Abstract

A careful study is described of the ESR lineshapes for the peroxylamine disulfonate (PADS) radical dissolved in 85% glycerol solution and in frozen water and D2O. In the frozen media, spectra characteristic of rotational correlation times τR ranging from 1.0 × 10−11sec to > 10−6sec are obtained, while the range in glycerol is from 1 × 10−10sec to >10−6sec. The very rapid rotational motion in frozen water is taken to imply that PADS is rotating in a clathrate cage. The activation energies in ice and 85% glycerol are 14.7 ± 0.1 and 11.3 ± 0.1 kcal/mole, respectively, (from motional-narrowing data). The value for ice is very similar to that obtained for other rate processes in ice. The lineshapes for τR ≲ 10−9sec are analyzed in terms of the familiar spin-relaxation theories valid in the motionally narrowed region.
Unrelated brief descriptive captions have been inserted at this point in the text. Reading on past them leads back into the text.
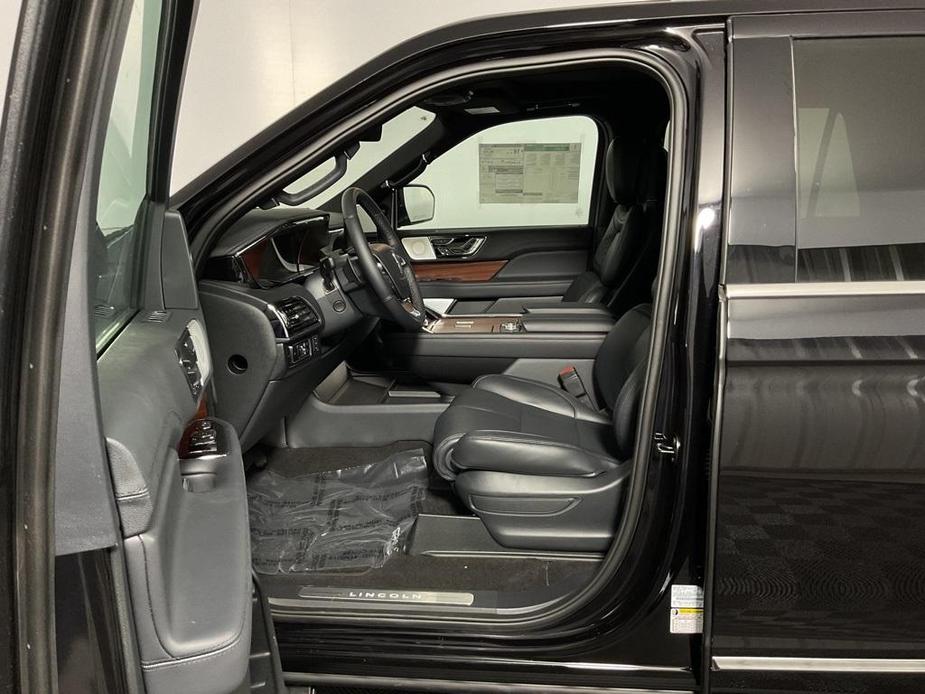 new 2024 Lincoln Navigator L car, priced at $100,000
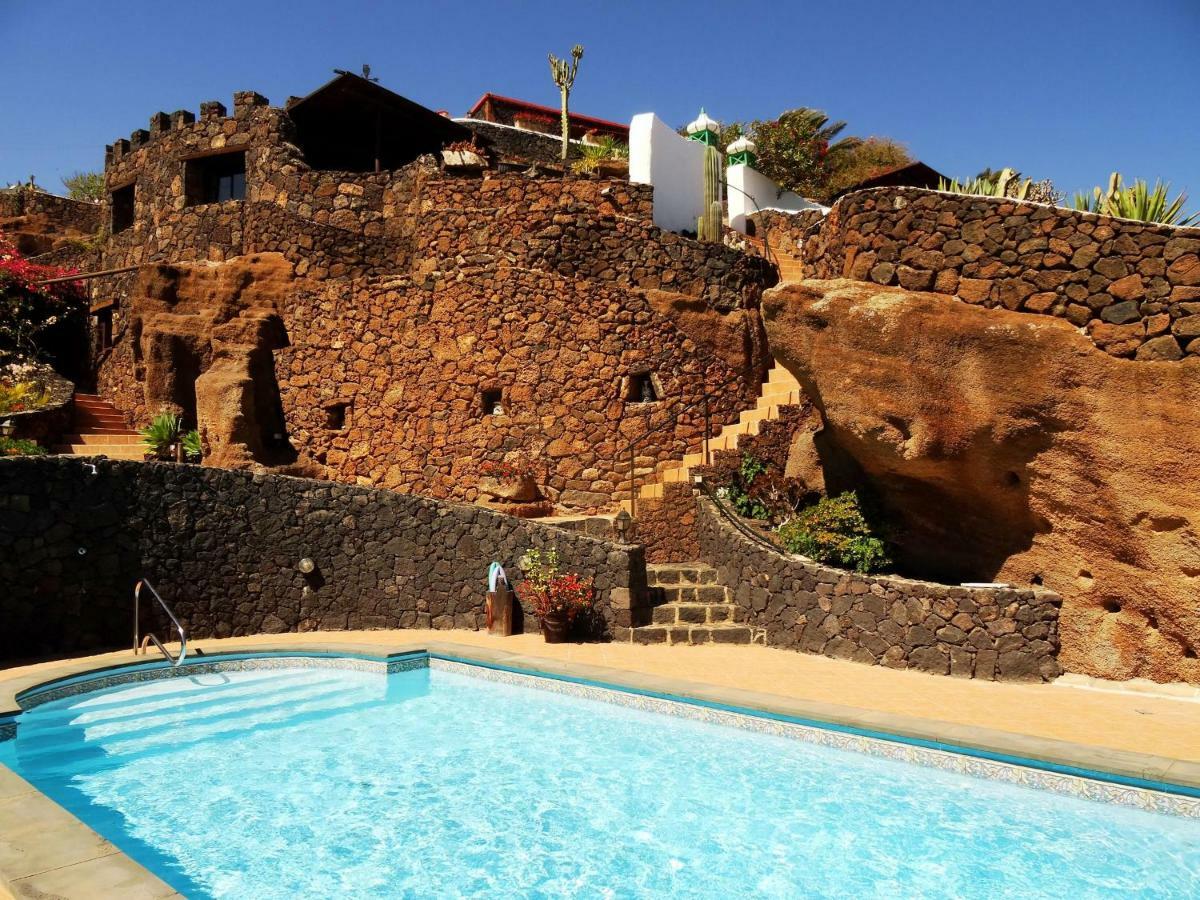 Castillo Lanzarote Villa Winni - Luxury Villa - Pet Friendly With Heated Pool Ла-Асомада Экстерьер фото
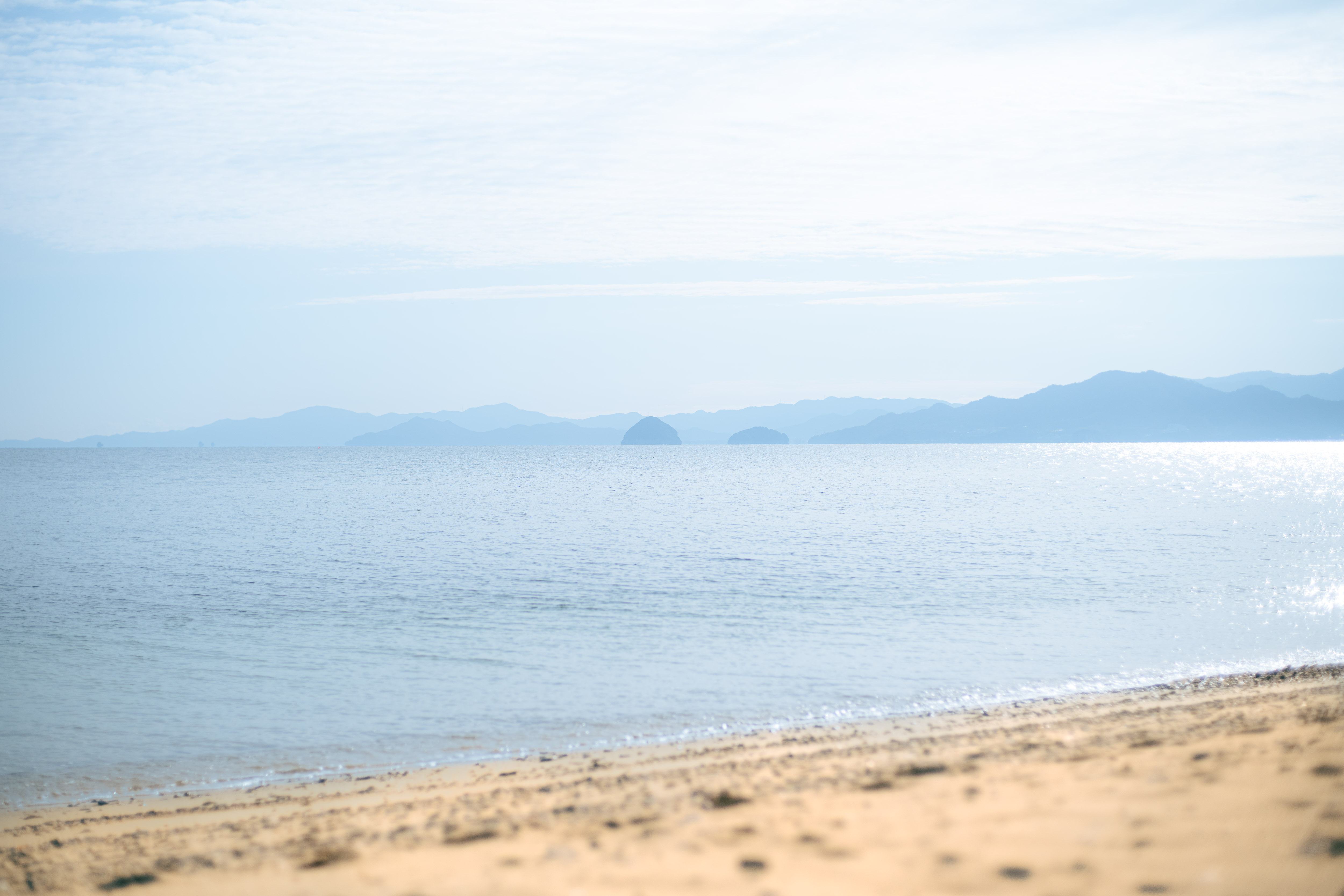 歩いてすぐの砂浜でリフレッシュを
These results are well fitted by the model of axially symmetric rotational diffusion with the symmetry axis in the plane of the N, O, and S atoms and parallel to a line passing through the two S atoms. Diffusion about this axis is found to be 2.9 ± 1 and 4.7 ± 1 times faster for frozen water and glycerol solvent, respectively than about the other axes over a wide range of values of average τR̄. It was possible to obtain these results, because accurate measurements of the g and A tensors for PADS in these media could be made from the well-resolved rigid spectra at X band and 35 GHz; the intrinsic widths in D2O are only about 1.5 G. The spectra in the slow-motional region τ R¯ >10−9sec were simulated utilizing the slow tumbling formulation of Freed, Bruno, and Polnaszek appropriately generalized to include completely asymmetric g and A tensors. The simulated spectra are found, in general, to be in quite good agreement with experimental observations. The agreement is clearly improved by introducing axially symmetric rotational diffusion, as found for the motional-narrowing region, into the simulations. Spectra are simulated for Brownian rotational diffusion as well as for simplified models of free diffusion, which includes inertial effects, and for diffusion by jumps of substantial angle. Improved agreement with experiment is found with some of these latter models. What appears to be a surprisingly small nonsecular linewidth contribution in the motional-narrowing region is briefly discussed in terms of these models.